Graag wijs ik op de interessante bespreking door Michael Della Rocca die vandaag op de NDPR verscheen van het recente boek van Valtteri Viljanen, Spinoza's Geometry of Power [Cambridge University Press, 2011] dat ik in een blog van 12 mei 2012 signaleerde.
De reviewer vindt het een ‘sophisticated book’. Hij begint met het duidelijk neerzetten van het aloude probleem, dat ook al vaker op dit blog aan de orde is geweest, van de mate van “zelf iets zijn en zelf iets kunnen” van de modi die enkel bestaan als modificatie van God. In hoeverre beschikken “enkeldingen” (res singulares) over reële macht iets te veroorzaken?
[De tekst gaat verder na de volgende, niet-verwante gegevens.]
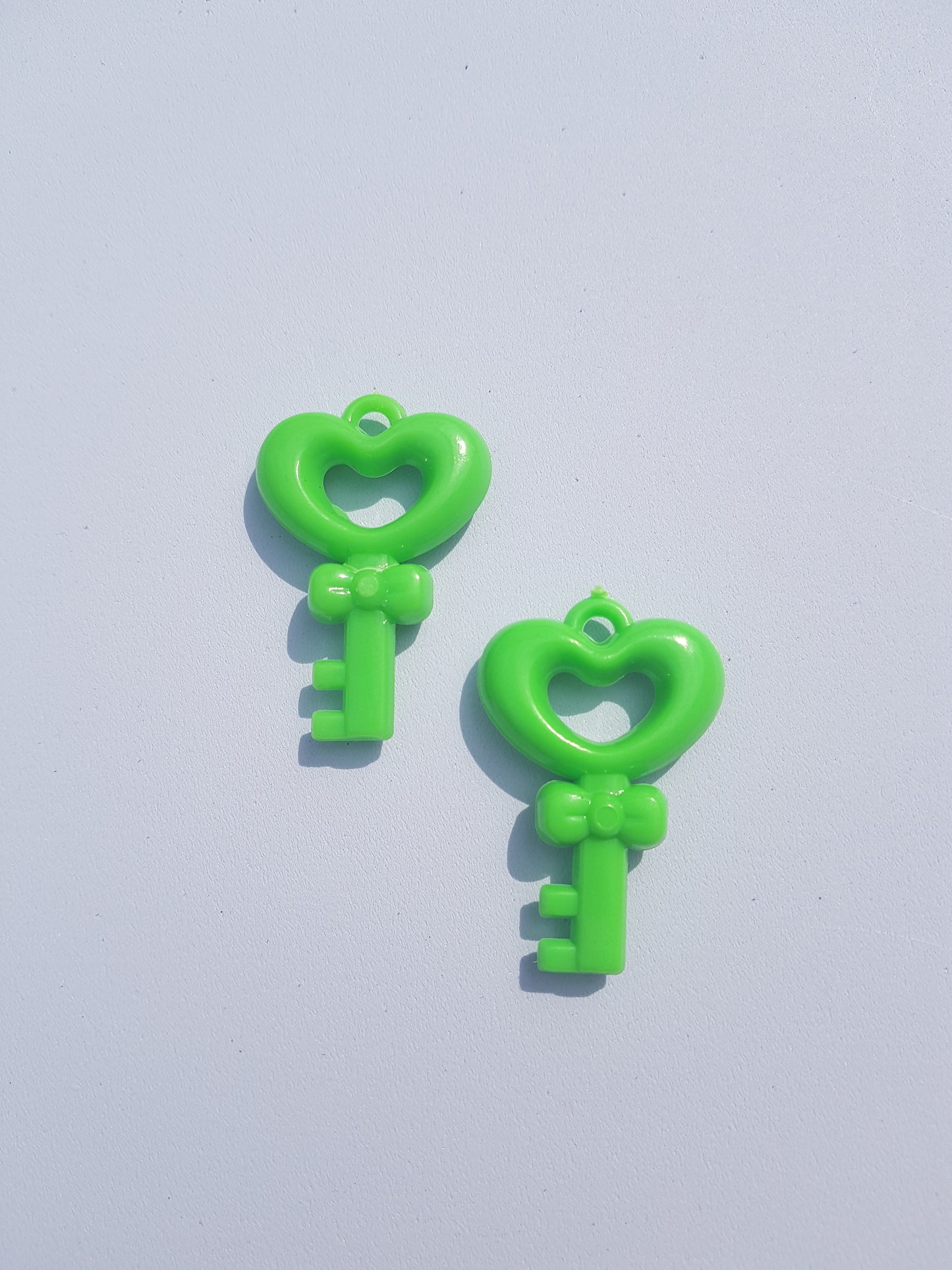 46mm acrylic key pendants - green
En hoe dat dan te verzoenen met het gegeven dat er in de natuur geen finaliteit bestaat – er geen doelen nagestreefd worden?
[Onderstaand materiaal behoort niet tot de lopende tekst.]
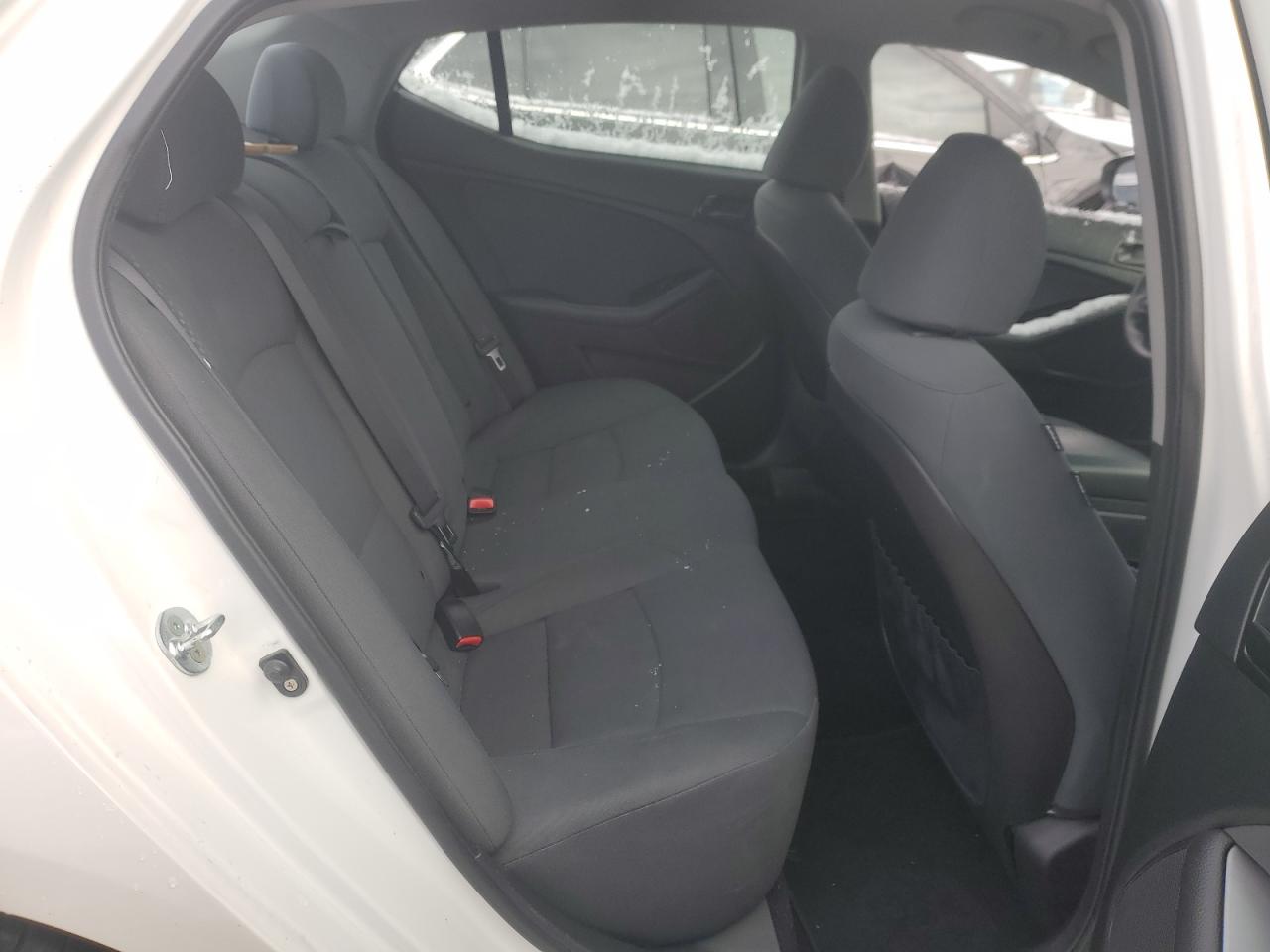 2015 Kia Optima - Image 10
Ik ga niet die hele recensie samenvatten, wijs alleen op Della Rocca’s positieve zin: “this book gives the most detailed and insightful account of the way in which geometry guides Spinoza’s metaphysics,” maar vervolgens heeft hij zijn twijfels of en hoe het Viljanen dan zal lukken om vanuit de geometrie (die inderdaad geen doelen kent, maar – daar het om denkdingen gaat – ook niet over concrete realiteiten gaat) uit te komen bij reële dingen die over echte veroorzakingskracht in de werkelijkheid komen te beschikken.